More than one-third of paramedics have reported being assaulted while on the job during the past 12 months, a new study has found.
Medical officers have called for better training and cooperation with police, and improved education, as a way to prevent future assaults in the first international study looking at paramedic assaults.
Some paramedics also suggested they carry guns, to be used in their self-defence.
The study, published in the journal Injury, surveyed 1778 paramedics from 13 countries. Of them, 633 reporting being assaulted in the past year and 203 of those said the incident could have been prevented.
The figures come as ACT paramedics are being assaulted by patients in record numbers.
Lead author of the study, Central Queensland University adjunct professor Brian Maguire, said many suggestions were brought up by respondents as a way to address the issue.
"Our study found some [emergency medical services] personnel see a role for weapons in their self-defence," he said.
"However, carrying firearms and other self-protection weapons introduces a host of issues in regard to liability."
While a large number of assaults were recorded in the survey, the study also found that 44 per cent of assaults against paramedics went unreported.
Self-defence equipment and resources were mentioned as a potential solution by multiple respondents in the survey, such as restraints for violent patients as well as ketamine for those who do not respond to drugs such as valium.
"Paramedics as a whole receive zero education, training, support or knowledge/resources in regards to personal safety, scene awareness, self defence or protection," one paramedic wrote.
Another said incidents could be prevented if paramedics received greater information about potential issues before they responded to call outs.
"Respondents wrote that violence against [paramedics] would have been prevented if there was 'more information from dispatch' [and] 'better law enforcement intervention," the report said.
Professor Maguire said while some in the survey suggested weapons or other defensive tools to protect themselves against violent patients, other options were put forward.
"Less contentious options included de-escalation training, self-defence training, better pat-downs by police prior to transport and increased penalties for perpetrators of assault," he said.
Paramedics in Australia, the study noted, have a higher injury and fatality rate compared to any other occupation, with the rate of violence-related injuries among paramedics tripling over the past decade.
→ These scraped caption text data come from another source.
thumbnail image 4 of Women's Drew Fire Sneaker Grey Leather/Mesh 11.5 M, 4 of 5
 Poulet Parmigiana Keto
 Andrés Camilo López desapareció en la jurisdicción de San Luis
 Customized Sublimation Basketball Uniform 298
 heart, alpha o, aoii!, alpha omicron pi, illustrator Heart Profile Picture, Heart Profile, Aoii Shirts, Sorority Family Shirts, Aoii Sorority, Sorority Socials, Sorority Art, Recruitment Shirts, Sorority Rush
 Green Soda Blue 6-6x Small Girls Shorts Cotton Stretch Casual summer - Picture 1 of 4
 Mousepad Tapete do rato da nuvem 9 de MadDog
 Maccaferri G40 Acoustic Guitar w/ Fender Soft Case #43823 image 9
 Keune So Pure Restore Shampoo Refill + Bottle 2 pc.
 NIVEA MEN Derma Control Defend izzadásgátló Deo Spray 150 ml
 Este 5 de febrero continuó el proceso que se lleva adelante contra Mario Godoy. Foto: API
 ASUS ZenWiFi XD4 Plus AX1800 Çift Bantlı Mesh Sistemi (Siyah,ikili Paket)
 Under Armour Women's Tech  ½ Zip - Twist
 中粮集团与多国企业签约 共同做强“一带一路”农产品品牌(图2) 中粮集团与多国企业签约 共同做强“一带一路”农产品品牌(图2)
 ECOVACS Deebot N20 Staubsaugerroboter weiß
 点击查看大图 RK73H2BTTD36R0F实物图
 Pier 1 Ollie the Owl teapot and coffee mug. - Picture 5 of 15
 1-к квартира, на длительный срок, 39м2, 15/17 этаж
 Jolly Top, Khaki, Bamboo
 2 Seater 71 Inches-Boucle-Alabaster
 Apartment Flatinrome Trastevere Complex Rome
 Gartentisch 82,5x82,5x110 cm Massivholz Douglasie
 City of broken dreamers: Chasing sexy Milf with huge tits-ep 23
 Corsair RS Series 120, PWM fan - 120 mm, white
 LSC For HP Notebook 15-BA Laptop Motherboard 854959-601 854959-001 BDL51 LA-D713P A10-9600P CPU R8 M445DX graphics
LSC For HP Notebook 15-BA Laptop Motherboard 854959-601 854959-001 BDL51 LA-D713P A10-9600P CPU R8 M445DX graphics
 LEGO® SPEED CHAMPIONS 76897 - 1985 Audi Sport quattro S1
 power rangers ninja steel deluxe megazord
Last year saw 16 paramedics in the ACT assaulted, almost double that of the previous year, with rates of assault on paramedics in NSW and Victoria also on the rise.
Earlier this year, the Victorian government announced attacks on emergency service workers would be treated as a category-one offence, which would require a custodial sentence.
The changes to the law came after criticism following two women being spared jail time despite being found guilty of assaulting a paramedics.